Manufacturing ERP Modernization: From Oracle Forms Shop Floor Systems to Real-Time Dashboards

One discrete manufacturer we work with runs 268 Oracle Forms screens across four plants. Their bill-of-materials logic encodes 22 years of engineering decisions. The original developers retired half a decade ago.

That’s the asset every manufacturing CIO is trying to protect when they talk about ERP modernization. The interface is replaceable. The embedded logic isn’t.

What manufacturing Forms actually run

Manufacturing ERP estates built on Oracle Forms typically cover five core workloads:

  • Bill of Materials and product configuration
  • Production scheduling and work order management
  • Inventory tracking across multiple warehouses
  • Quality control inspections and non-conformance reporting
  • Vendor scorecards and procurement automation

These systems work. They’re also trapped in a desktop-only, batch-processing paradigm at exactly the moment manufacturing customers and regulators are demanding real-time data.

What modernization unlocks

Real-time production dashboards. Output, scrap rate, and OEE across every line, accessible from any browser, with alerts when metrics deviate from target.

Mobile inventory management. Warehouse staff scan barcodes from a phone instead of a wall-mounted terminal. Stock updates propagate instantly instead of overnight.

Predictive maintenance integration. Equipment sensor data flows into the ERP through REST APIs. Maintenance gets scheduled before a line goes down, not after.

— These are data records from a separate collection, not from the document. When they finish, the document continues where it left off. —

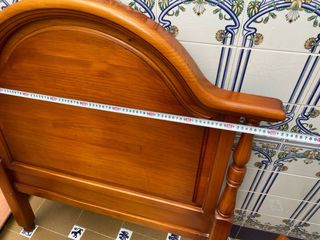 Testata letto e comodini in legno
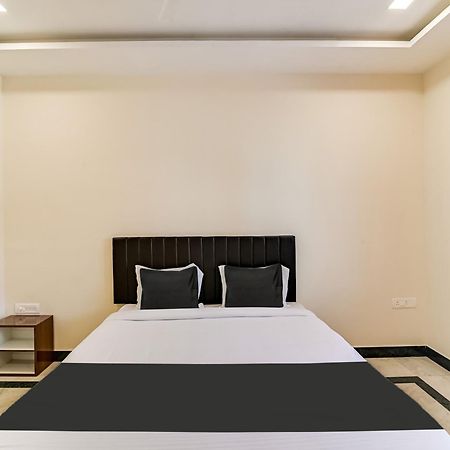 ולורה Hotel O Rj Royal Inn מראה חיצוני תמונה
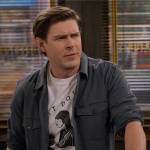 Jesse’s Yeah Yeah Yeahs t-shirt on How I Met Your Father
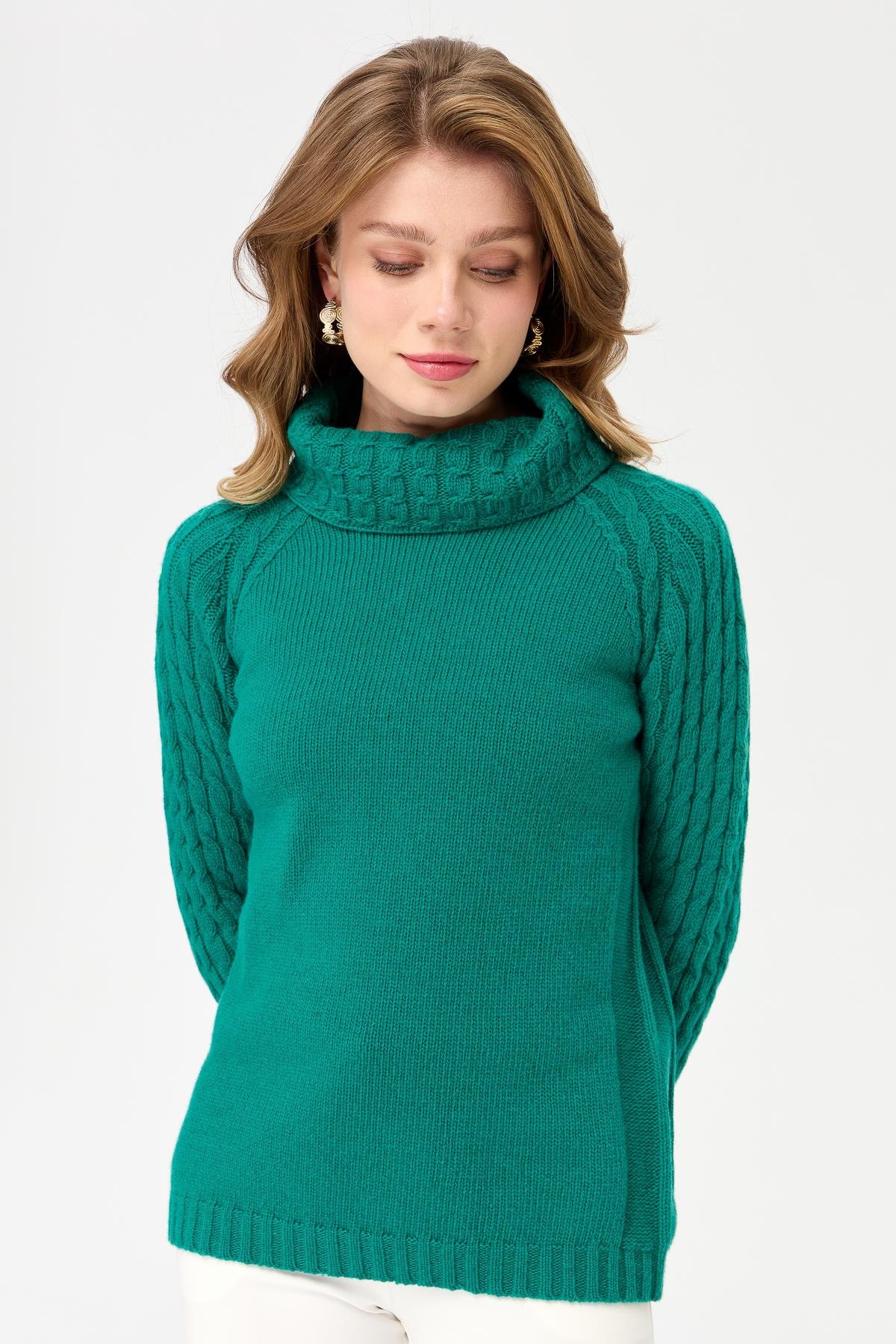 23202Kadın Degaje Yaka Kolu ve Yakası Saç Örgü Yün Kazak A.Ö.Başı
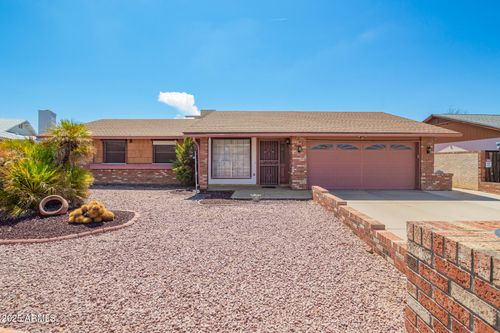 10719 W Kaler Dr, Glendale, AZ, 85307-1725 | Card Image
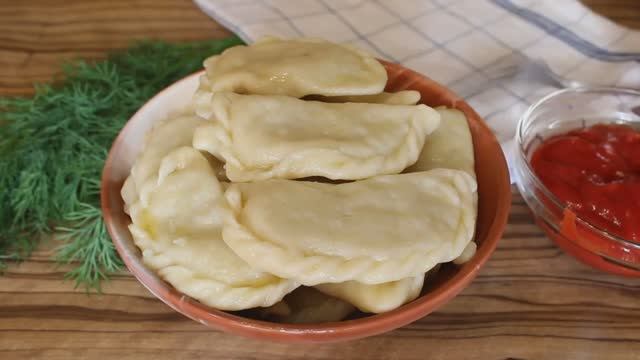 Пельмени Уральские! Вареники с сырой картошкой! Вкуснее чем с мясом. Незабываемый вкус детства. смотреть онлайн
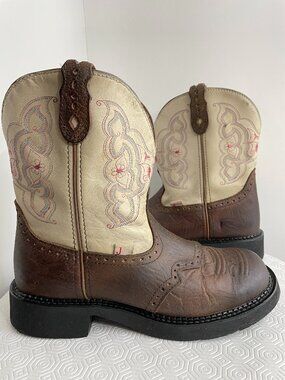 Justin Gypsy L9924 Western Cowgirl Boots Ivory Leather Embroidered Women's 10 B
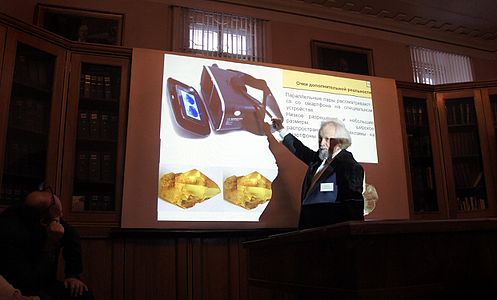 А. А. Сидоров рассказывает об использовании 3D-фотографии в Геолого-минералогическом музее Самарском ГТУ
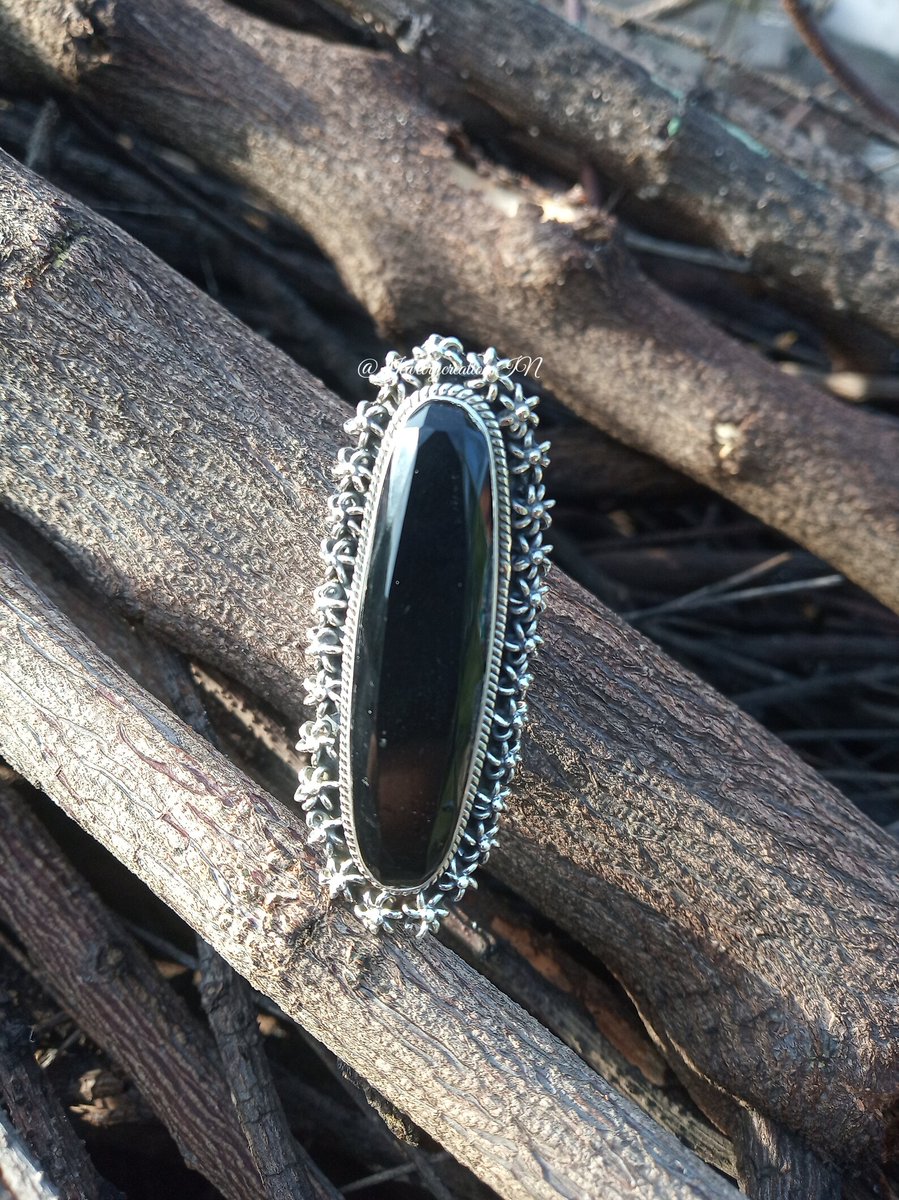 jewelrycreatio1's tweet photo. Black Onyx Ring,92.5% Sterling Silver,Vintage Ring,Black Onyx Jewelry,Long Ring,December Birthstone,Artisan Ring,Dainty Ring,Boho Style Ring
Buy At:
https://t.co/bOj8tQ4OXd
#Naturalonyxring #Blackstonering #Statementring #Vintagering #Genuineonyxring #Bohoring #Giftforlover https://t.co/nDKh1CzWyW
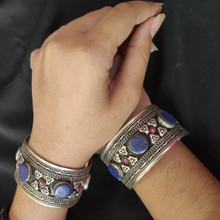 Load image into Gallery viewer, Ethnic Stone Ring and Set Of Two Cuff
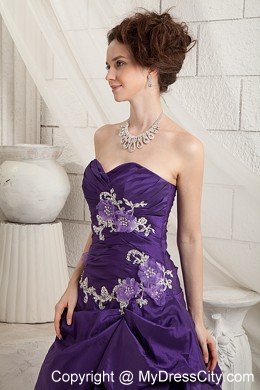 Ruching Sweetheart Appliques Brush Train Purple A-line Prom Dress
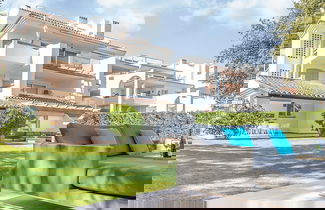 Foto 2 - Apt Mairena Forest sea View Pool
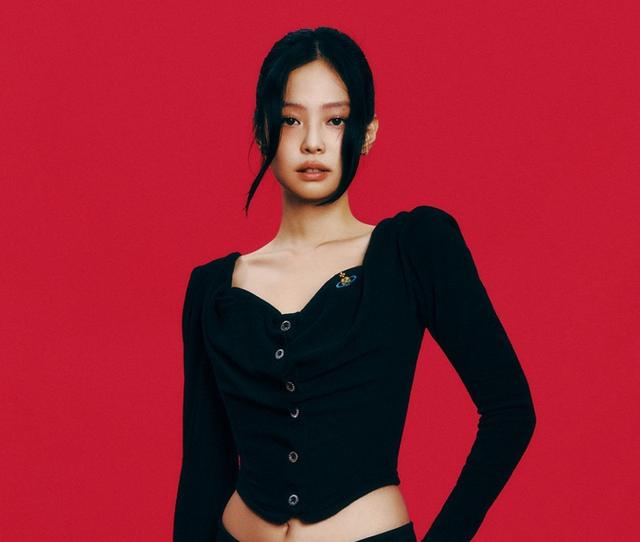 Jennie biểu diễn 18 ca khúc trên cương vị nghệ sĩ chính của Lollapalooza Chicago- Ảnh 2.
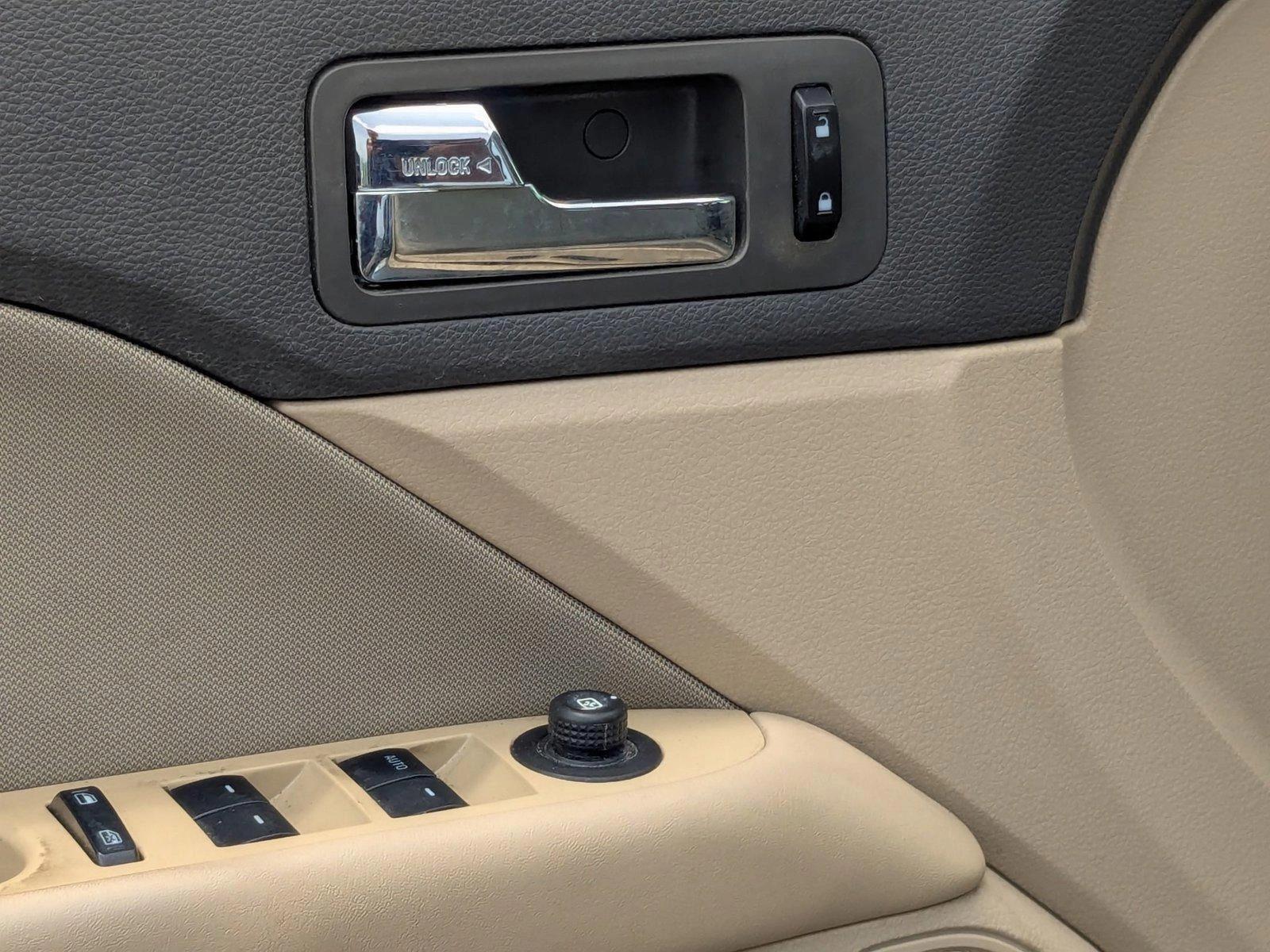 2011 Ford Fusion Vehicle Photo in St. Petersburg, FL 33713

Supplier portal. Vendors get self-service access to POs, delivery schedules, and quality requirements. Email and phone coordination drops sharply in the first quarter after launch.

Preserving what matters

The hard part of a manufacturing migration isn’t the UI. It’s the logic underneath:

  • Multi-level BOM calculations with assemblies inside assemblies
  • Production scheduling rules tuned over years on the shop floor
  • Quality inspection criteria tied to individual customer specifications
  • Costing formulas that drive every quoted price

We preserve all of it deterministically. Our migration engine parses Oracle Forms data blocks, master-detail relationships, and PL/SQL business logic from the .fmb files directly, then generates a TypeScript application that calculates, validates, and enforces the same rules. Same inputs, same outputs, same regression risk profile as a unit test suite.

The new system runs in a browser, exposes REST APIs, and connects to the rest of the enterprise. The 22 years of engineering decisions ride along, untouched.